Meet our Experts: Rob Law, Head of Temporary Works.
Supply Chain Engagement and Collaboration.
(video transcript)

What are your views on the benefits of engineering teams being approached at an earlier stage of a construction scheme?

It allows us to spend more time planning, it allows us to spend more time looking at how we’re going to go about doing the work, so getting in earlier on, you can make much bigger savings and methodology changes than being approached later.

How does your team approach the early stages of a project and what are the key considerations in Pre-Construction planning?

When developing temporary works schemes for a basement, what we see is that there’s a real focus on getting the kit in and getting to the bottom of the dig as quickly as possible, but not enough energy is often given to looking at how the structure is going to come back out of the ground afterwards and how that interacts with your temporary works.

How the contractors want to go about building it, they need to think about where they’re going to build up to where their joints are going to go, they want to know about clashes for the things coming out the ground again.

Structures can be buildable, often there’s quite a lot of leeway of where you can put your temporary works in and you can still build a structure, but if you’re planning that in advance, you can make a contractor’s life much easier and the guys on site have a much easier time building what’s coming out ground.

Why is early engagement becoming more important for customers and larger project schemes?

It’s important to realise that early engagement doesn’t just mean starting the same work a bit earlier. Involving our team early allows us to provide our own insights and apply our own expertise; it’s more than just temporary propping. It’s the methodologies and approaches to construction it’s combining all the full offerings that Conquip can give to a construction site with earth works, construction machinery and bespoke manufacturing working alongside our temporary propping.

Something that’s important to me is challenging the assumptions on how we do things. Many projects start with an idea of how something should be done, how we’re going to build something. That idea may be developed as a project moves along at some point it becomes quite fixed, and it gets passed on from person to person, and people stop questioning how should we do it. They start going well, this is how everyone said it’s going to be done.

A fresh pair of eyes to challenge that and say actually, there is another way of doing this and here’s what it looks like, that’s the real benefit of getting them at early engagement.

What specific methodologies does your team employ when working on project designs, and how do these methodologies contribute to the project’s success?

The starting point for all designs they must be safe and they must be fit for purpose, that’s the absolute minimum.

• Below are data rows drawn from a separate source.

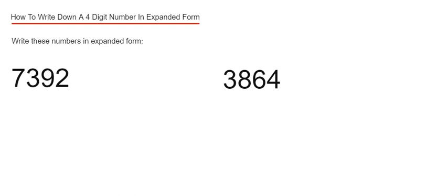A good idea before you start is just to put the place names above each digit in the number. So let's have a look at example 1. We've got to write down the numbers in expanded form. We've got 7,392.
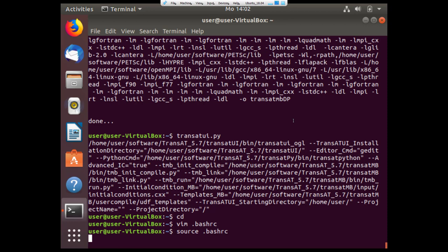You'll need to source the bash_rc one more time to take the changes of the license and to check we can echo the transat_license environment variable. After that you should be able to use the full capabilities of TransAT.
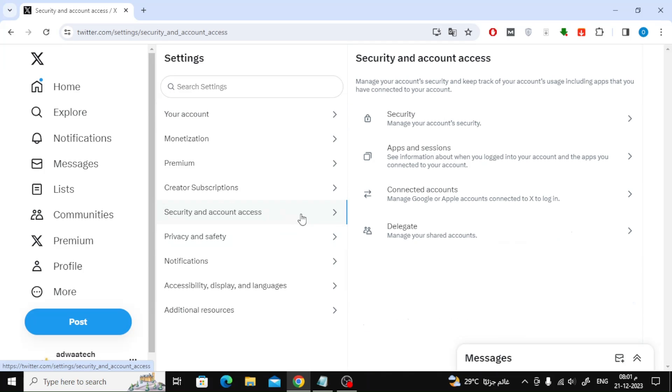Now choose from this list security and account access. Next step choose delegate.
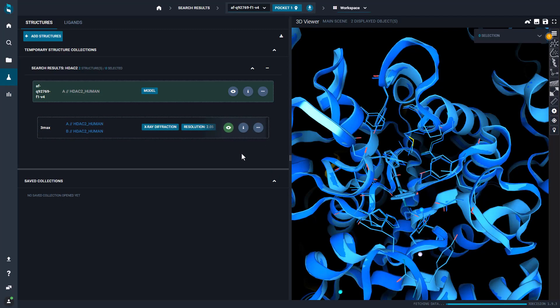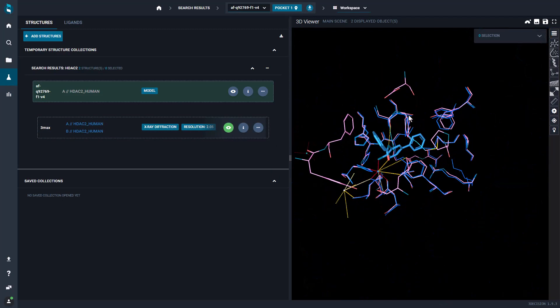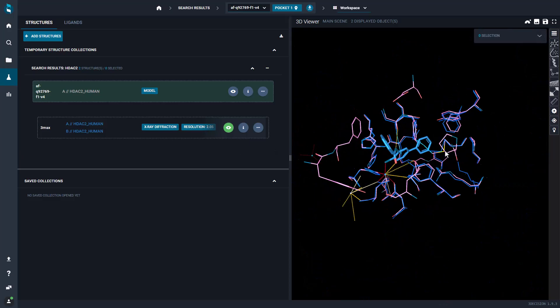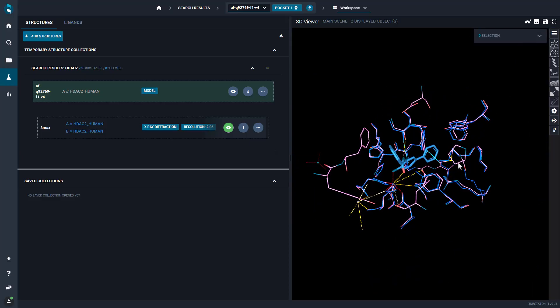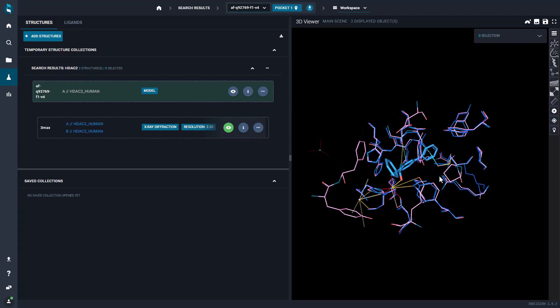By adjusting the representation option, you can see how the binding site was nicely predicted by the AlphaFold model.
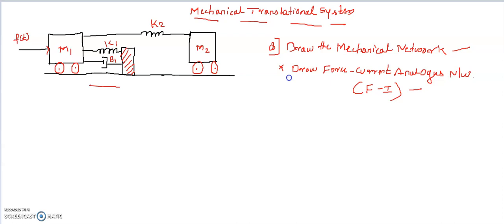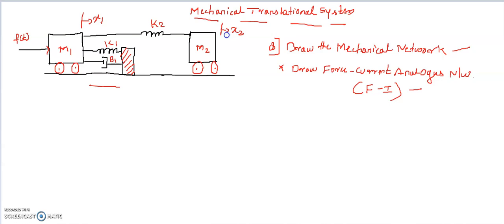The minimum number of displacements must be equal to the number of masses present in the mechanical system. Here the number of masses are M1 and M2, so the number of displacements will be equal to two. Also, the displacement on either side of the spring or damper must be different. Keeping these two points in mind, we will mark two displacements: X1 and X2, against masses M1 and M2. Based on these two displacements, we will draw the equivalent mechanical network.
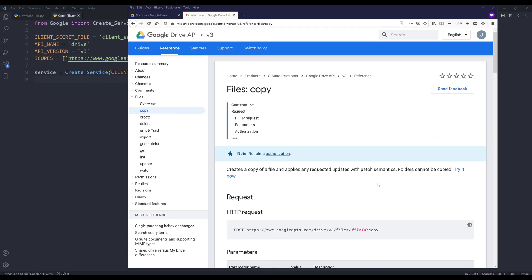Hey, how's it going guys? Welcome to another Google Drive API in Python tutorial. My name is Jay. In this video, we're going to learn how to use Google Drive API to copy files.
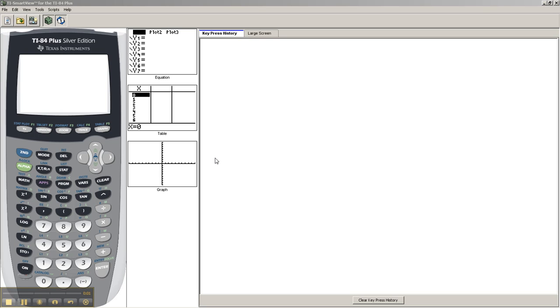Okay guys, so I've already shown you how to take the definite integral using your TI-84, and now I'm going to show you how to take the derivative.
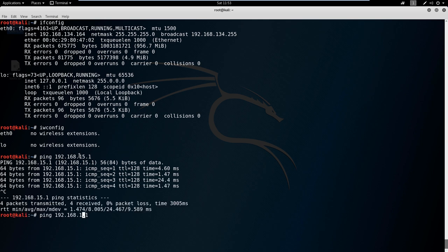If I tried to ping something that wasn't in my network like 16.1, you're going to see the results change. With ping here, ping is going to be endless. Until we hit something like ctrl-c to stop it, it'll ping forever.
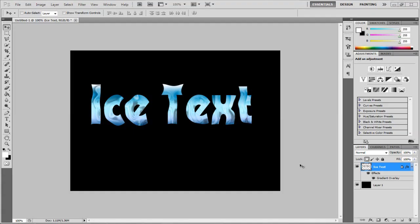Hello there guys, and in this tutorial, I'm going to show you how to make this really smart ice text using Photoshop CS5 or probably works for CS4.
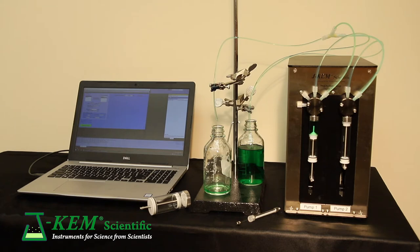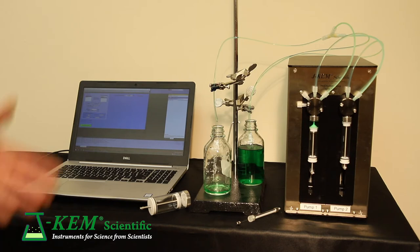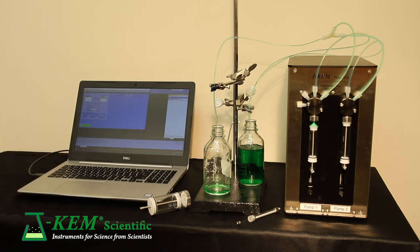When it's empty, it shows another key feature of J-KEM's syringe pump system. The pumps automatically refill. So I can ask a 10 milliliter syringe to deliver a total of 25 milliliters.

We then start asking what are the project’s key objectives, what does a successful projects look like to our clients, how can we then incorporate principles of buildability, sustainability and efficiency to provide a better design that still meets their objectives. Being a supplier as well, once we start working with project teams and contractors, what we also find is that there are usually other areas, either design or equipment related, where we can add value to a project and provide an even greater benefit.

What digital tools do your team use in the pre-construction phase of a project?

All our basement schemes are modelled within a BIM environment, right from tender. It’s incorporating any existing structures, our temporary works and then the new structures being built. This allows us to discuss concepts with all the complexities in there, and we can do it interactively with our clients in meetings. We can go in live and walk around the model and see what’s going to be there and how you might go around building. It allows us to detect clashes and thoroughly assess the installation and removal process.

The same BIM technology we use for that then feeds right through the design process right down to picking equipment from The yards so we’re ensuring the parts we use in our design are the exact parts that we show on our drawings and that will feeds right through to the yard so they’re, picking the right equipment off the shelves to be delivered to sites. Once we have the design information captured within that BIM environment, we’re able to present it in different ways that suit the people who need to be using it.

What does value engineering mean to our customers?

Now for our clients, when we look at a scheme and we value engineer it, what that means for them is there’s a cost saving, not hiring the equipment, there’s a program saving where they don’t need to spend time putting that equipment in and also they’re not having to do storage manual handling lifting it around and as long as the design’s still safe there’s no reason not to go and push those ideas.